Residents, organizers, and activists set up an encampment at the University City Townhomes on July 10 to protest the sale of 70 units of affordable housing.
The Save the UC Townhomes Coalition organized the encampment at the entrance of the townhomes on 40th and Market streets without a distinct end date in mind, and is now two weeks deep into the protest. Residents and supporters are sleeping outside of the housing complex to illustrate the effects of displacement, aiming to challenge their Sept. 7 eviction.
Altman Management Company, the real estate firm that owns the townhomes, did not renew a 40-year contract with the United States Department of Housing and Urban Development, forcing the residents to be evicted by September — a date recently extended from July 8. In a statement, the firm called the protest “unfortunate and ill-advised."
28-year-long resident Darlene Foreman is a member of the resident council which agreed to erect tents on the grass of the affordable housing complex. “People think that this is a homeless encampment, this is not,'' Foreman told The Daily Pennsylvanian. “This is a result of what can happen to people who are displaced.”
Residents including Lynn Green, who has lived in the townhomes for almost 30 years, plan to have the encampment in place “as long as we can push for what we need, and what should be done."
Resident Sheldon Davids, who has lived in the townhomes for 13 years, said supporters and community members sleeping overnight at the encampment exhibit unity within the larger community. “The residents are not alone in their demands. Residents are not alone in their situation,” Davids told the DP.
The encampment is among the many actions, including marches, teach-ins, and block parties the coalition is organizing to protest the sale of the housing complex. Demands of the residents include more communication with the owner of Altman Management, Brett Altman.
Resident and organizer Rasheda Alexander has been sleeping in a tent outside of her home.
“I really think all of this could have been prevented had [Altman] had a conversation with us and said he would be able to find adequate housing for everyone,” Alexander said.
“We've been trying to get a meeting with him for nine months or more, and he does not respond to us,” Foreman noted.
In response to the encampment, Altman Management has closed the property’s leasing office for residents and briefly shut down their laundry room, stating that the protesters “have no legal right to assemble on the site or access public utilities [of the townhomes]."
The land of the UC Townhomes is in University City — a continuingly gentrifying part of Philadelphia historically known as the Black Bottom. Activists argue the expansion of local universities including Penn forces the displacement of primarily Black and Brown people in West Philadelphia.
Residents had a meeting with Interim President Wendell Pritchett and other top Penn officials in May to discuss the sale of the UC Townhomes. No coalition demands were met at the time of the meeting.
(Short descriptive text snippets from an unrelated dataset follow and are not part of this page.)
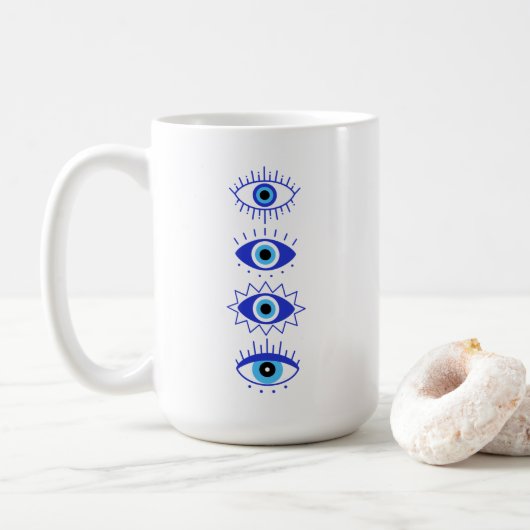 Blauwgroene ogen Energieveredeling Hamsa mysterie Koffiemok (Met donut)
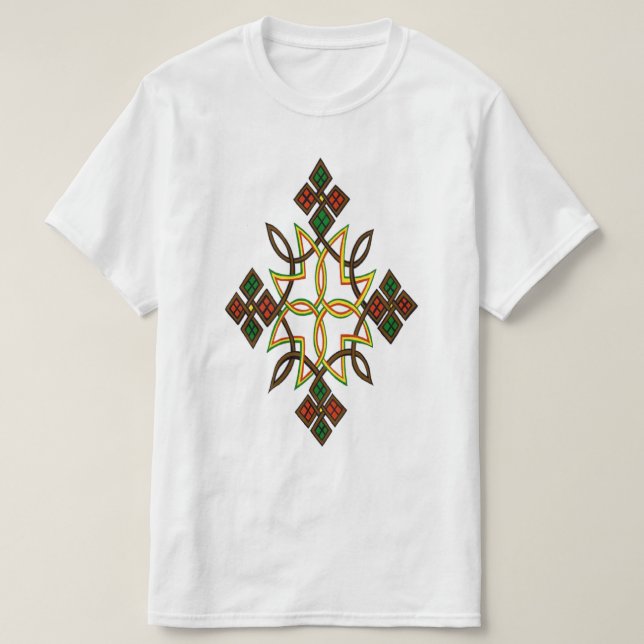 Classic Ethiopian Cross White T-Shirt (Design Front)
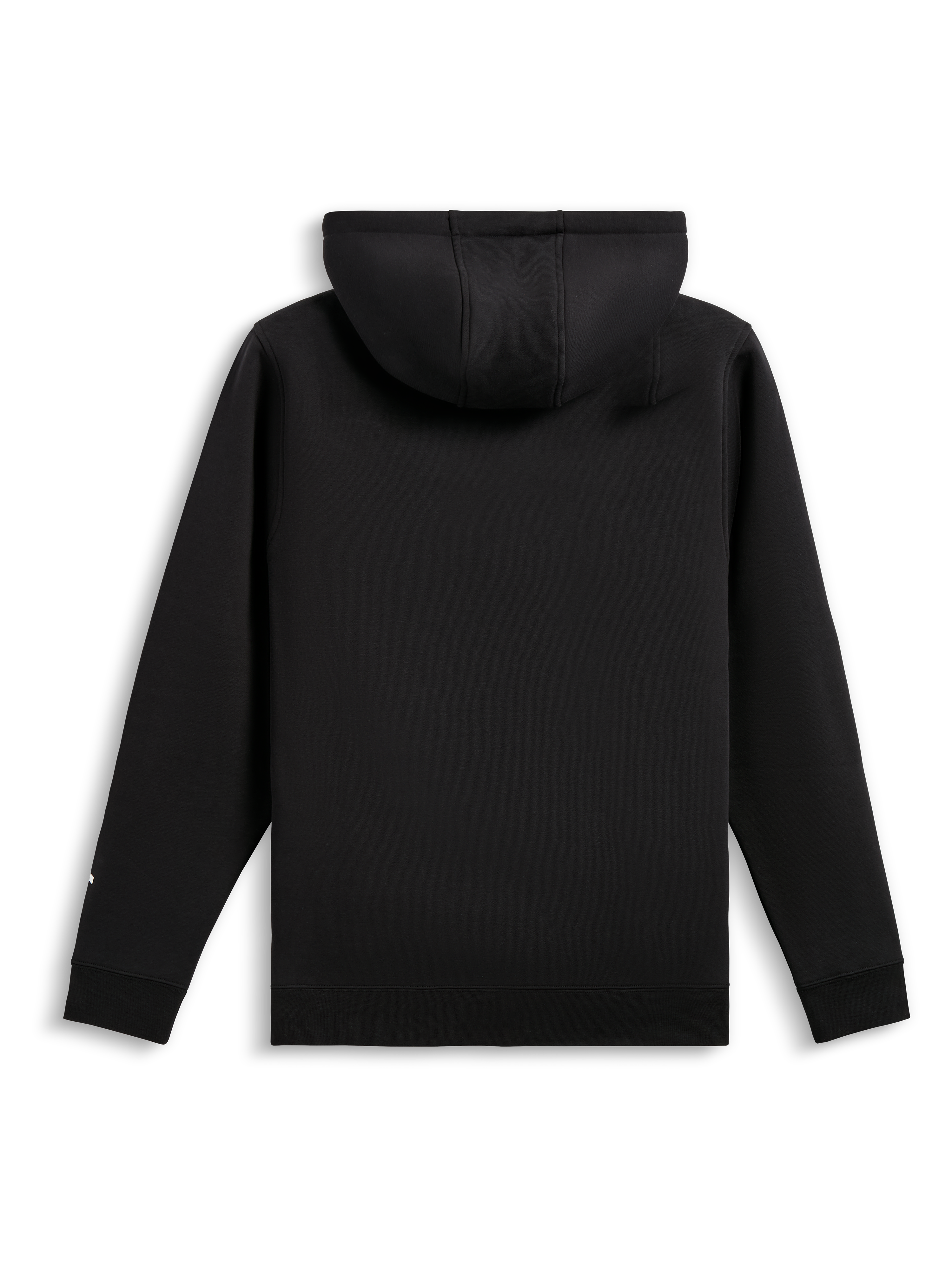 Alpinestars Harken Hoodie, pullover fleece hoodie, zwart, achteraanzicht, met geribbelde boorden en zoom, casual streetwear geïnspireerd op de motorsport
In a statement to the DP, Director of Media Relations Ron Ozio said: “We are sympathetic to the challenges that the residents are facing as they anticipate relocation. There is a limit to anything that the University can do, as this is a matter between the property owners, the city, and the tenants. We continue to encourage regular and clear communications from the property manager to the residents and are hopeful that a positive resolution will be achieved soon.”
While the townhomes eviction remains a legal issue between tenant and owner, Foreman argues that Penn is still much to blame. “Penn is opening up all of this student housing for people. What about the residents that live in this area, whose properties you're taking?” Foreman stated.
Davids added that residents of the townhomes put a banner near the entrance of the encampment dawning the name “The People's Townhomes” with "UC" crossed out, underscoring the residents' protest against University City gentrification and the resulting displacement.
"The townhomes is a community, so we're not just talking about people being removed from roofs over their heads that have housed families, in many instances, at least two generations. What we're talking about is the connotations of that in terms of the broader community," said Davids.